昨日…きれい事の様に「応援するよ」なんて言った……。
本当はそんなこと思ってもないくせに……
「…返さなくていいの?」
薫が俊輔を見つめる。
手が震えているのを見逃す訳が無い…。
「…飯いらないってだけだから。返す必要もないだろ…」
俊輔がわざわざ素っ気なく言っているのが分かって、つい口角が上がる。
「喧嘩でもしたのかよ?」
「……別に…?何で?」
「何となく、そう思っただけ」
そう言って薫は肩を竦めた。
「あ!ならさ、うちで飯食ってけよ。ピザでも頼もうぜ!」
薫が嬉しそうに提案する。
「………そうだな…。たまにはそうするか」
俊輔がそう言うと、薫は早速タブレットでピザ屋のサイトを開き始めた。

──あの人と一緒にいるんだろうか……

考える気もなく考えてしまう……。
「俊輔、どれが良い?」
薫の声に我に返る。
「…何でもいいよ。甘くなきゃ」
俊輔が笑うと
「せっかくだからちゃんと選べよ!」
そう言いながらタブレットを持って隣までくる。
「俺、肉系が良い。
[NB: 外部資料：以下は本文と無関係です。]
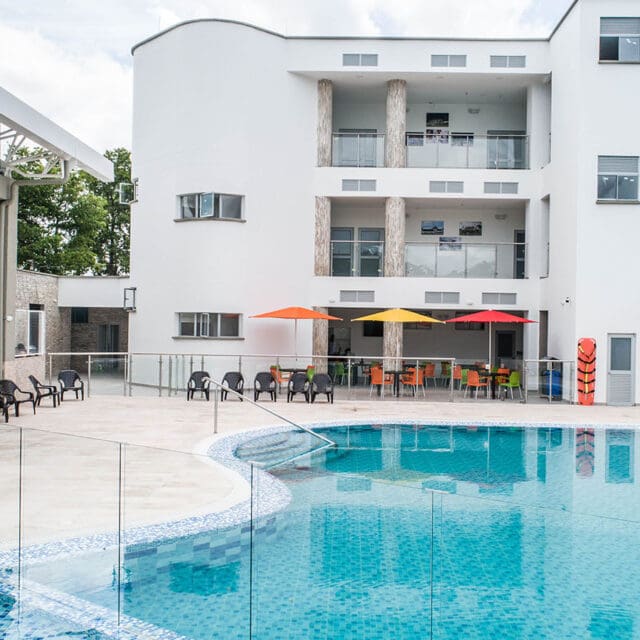 Sede-recreacional-sabana-de-torres-comfenalco-santander (7)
俊は?」
「──え……」
俊輔の顔から笑顔が消え薫を見る。
「ん?……あ、肉嫌いだっけ?」
「いや……そんなことない…けど…」
「……?──ああ…俊て呼んだこと?マズかった?」
「別にそうじゃないけど…そう呼ぶの……弟だけだったから……」
心臓が『トクトク…』と自己主張し始める…。
今まで…『俊』て呼ぶのは何でか葵だけだった……。
「嫌ならやめるけど…?」
「いや…そういう訳じゃないよ。ちょっと…びっくりしただけ」
俊輔がタブレットに視線を移し笑った。

ピザが届くとタブレットで映画を見ながら食べた。
友達とこんな風に過ごすのは久しぶりだった。
葵と2人になってから食事の用意もあって、何となく葵と2人で過ごすのが当たり前で友達と遅くまで過ごすことが少なくなっていた。
「あ!俺この映画見たいんだよね」
一つ見終わって検索画面を見ながら薫が指を指す。
かなり古いホラー映画だ。
「薫、ホラー好きなの?」
「結構好き。俊は?」
「俺も嫌いじゃない。ってか好き。現実味無いようであるって言うか……」
「じゃあ、今度泊まり来いよ!一晩中ホラー見ようぜ」
「──……そうだな……。たまには……良いかも」

──そしたら…きっと葵はあの人の所へ…

「いつにする?」
薫がスマホで予定を見だす。
「何時でもいいよ。あ…バイト休みの前の日ならな」
俊輔が笑う。
「じゃあ……」
2人でお互いの予定を見て日程を決める。
久しぶりのことに俊輔もいつの間にか笑顔になっていた。